Topic #0: Getting started with SMPI

Overview

This topic focuses on getting you started with SMPI (Simulated MPI) so that you are ready for the modules in the next topics. Simply read through the 4 tabs below:

This CourseWare was tested with SimGrid version 3.13 (small changes may be needed with other versions).
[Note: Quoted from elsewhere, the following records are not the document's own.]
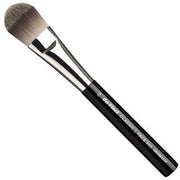 Da Vinci Foundation Brush Vegan Synthetic Fiber Gr.22 Handmade in Germany - Maison des fragrances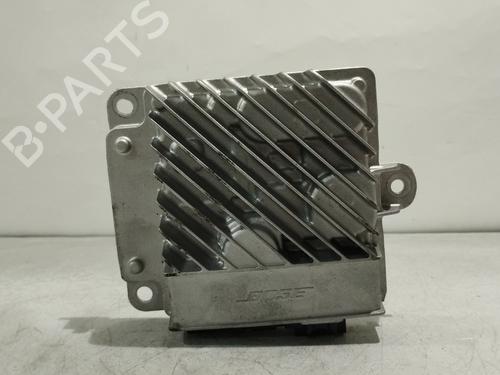 Otra MAZDA 6 Estate (GJ, GL) 2.2 D (GJ2FW, GJ692) (175 hp) 30377606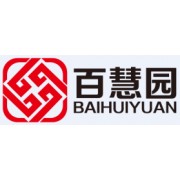 河南百慧園置業有限公司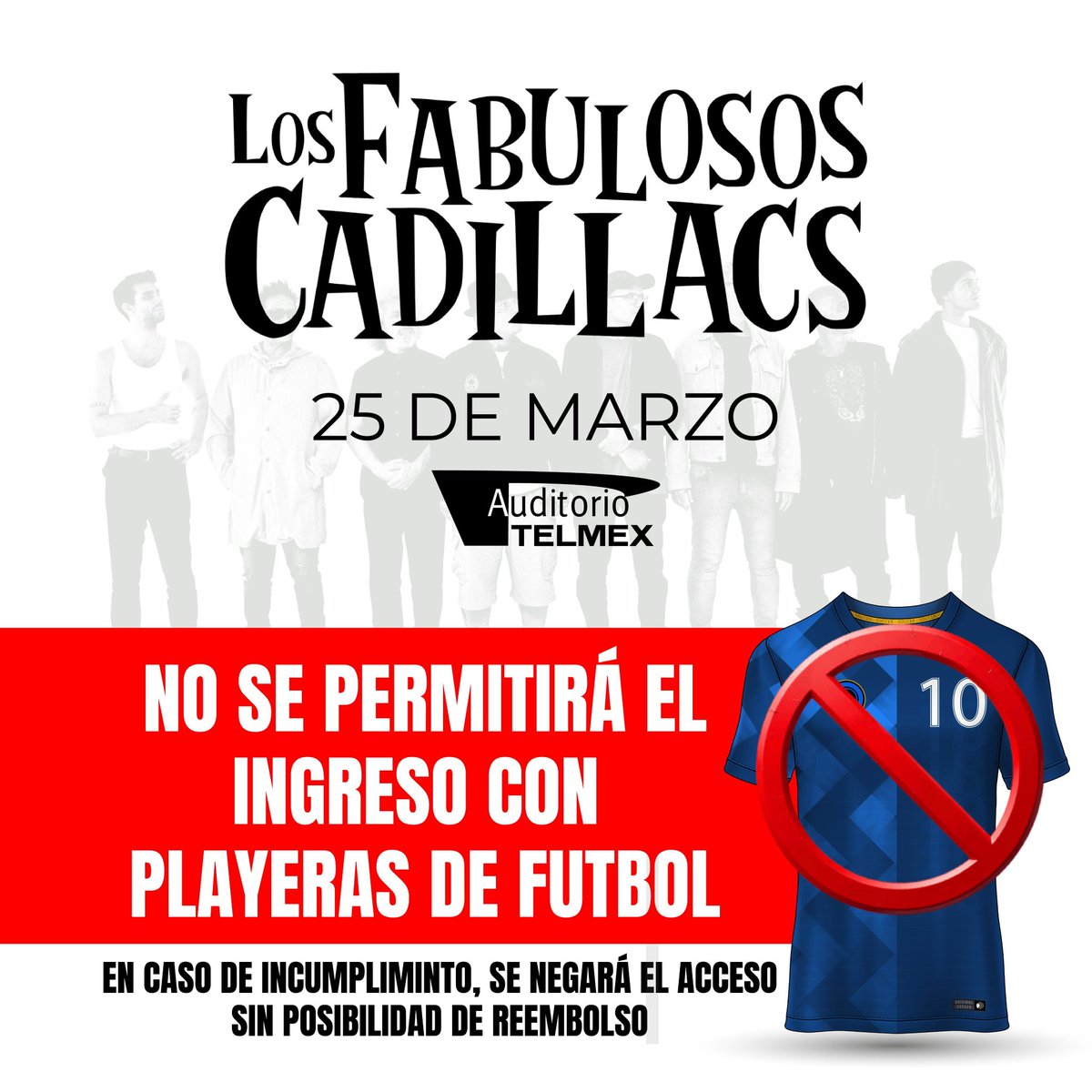 Armando Bochinche tweet media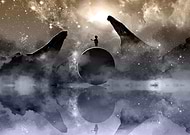 2018-04-13/562d6ff2d141e4b9270f0dca71809eb9_a2ccd41e404e76641dd3ebeebdd6f765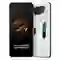 Asus ROG Phone 8 Ultimate 1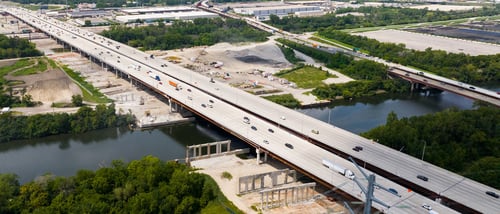PCI Certification: Building Confidence in Prestressed Concrete Solutions
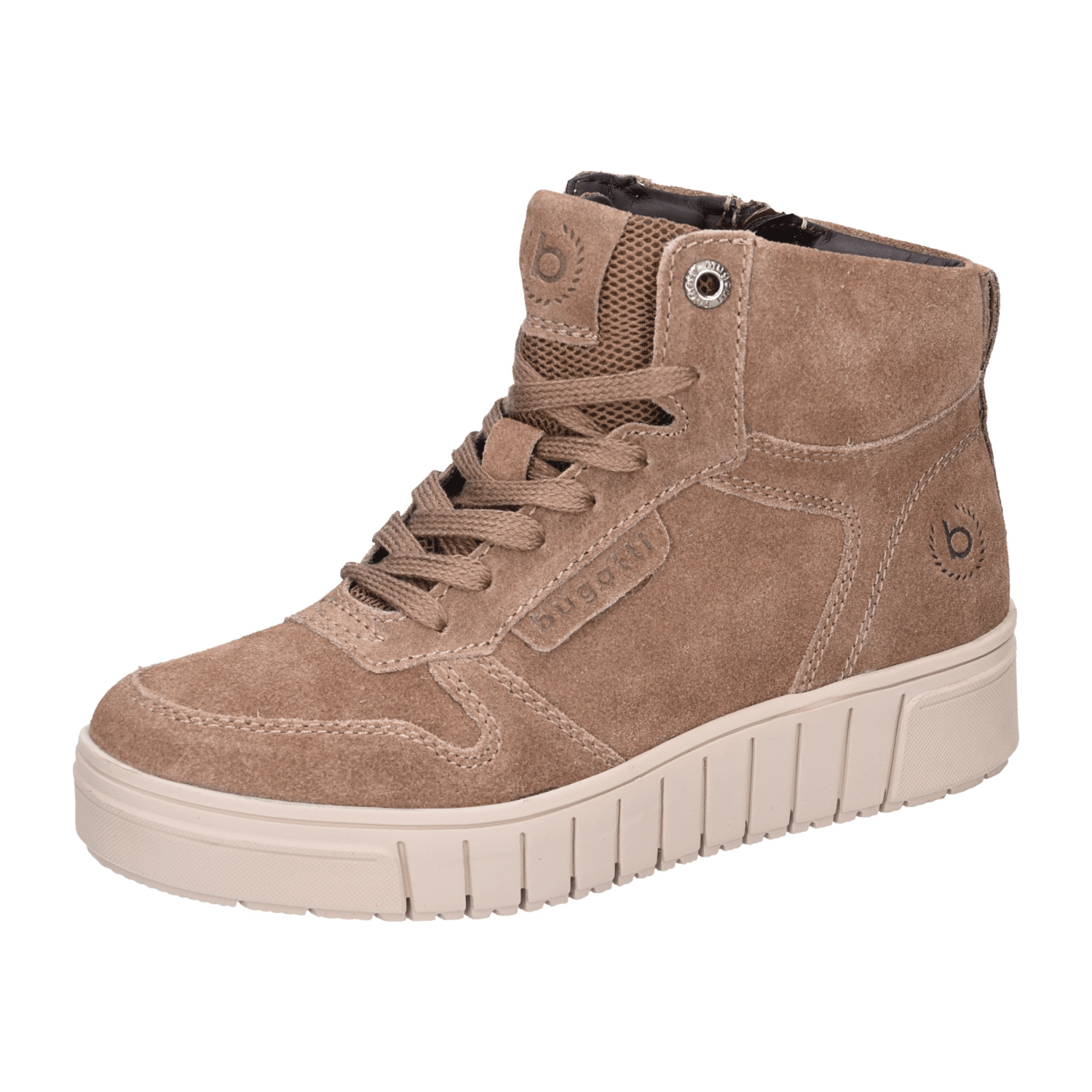 32313138393734-0001-eu_3800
On a Debian/Ubuntu (virtual) machine, you can retrieve SimGrid directly from the package manager: sudo apt-get install simgrid


For other systems, please refer to the Download page that have all the information you need. But just to be sure, here is a typical way to compile the version you want on a Linux (virtual) box:

Install the dependencies: sudo apt-get install g++ libboost-all-dev
Download the .tar.gz of the latest stable version from the Download page
Extract the archive: tar -xvf SimGrid-x.x.x.tar.gz
Go to the extracted directory: cd SimGrid-x.x.x
Generate all makefiles: cmake -DCMAKE_INSTALL_PREFIX=/usr/local -Denable_smpi=on -Denable_documentation=off
(Assuming you want to install in /usr/local/)
Build: make
Run the tests (for the paranoid): make check
Install libraries and executables: sudo make install

Assuming your path includes /usr/local/bin (which it should), you now can invoke two new commands: smpicc and smpirun.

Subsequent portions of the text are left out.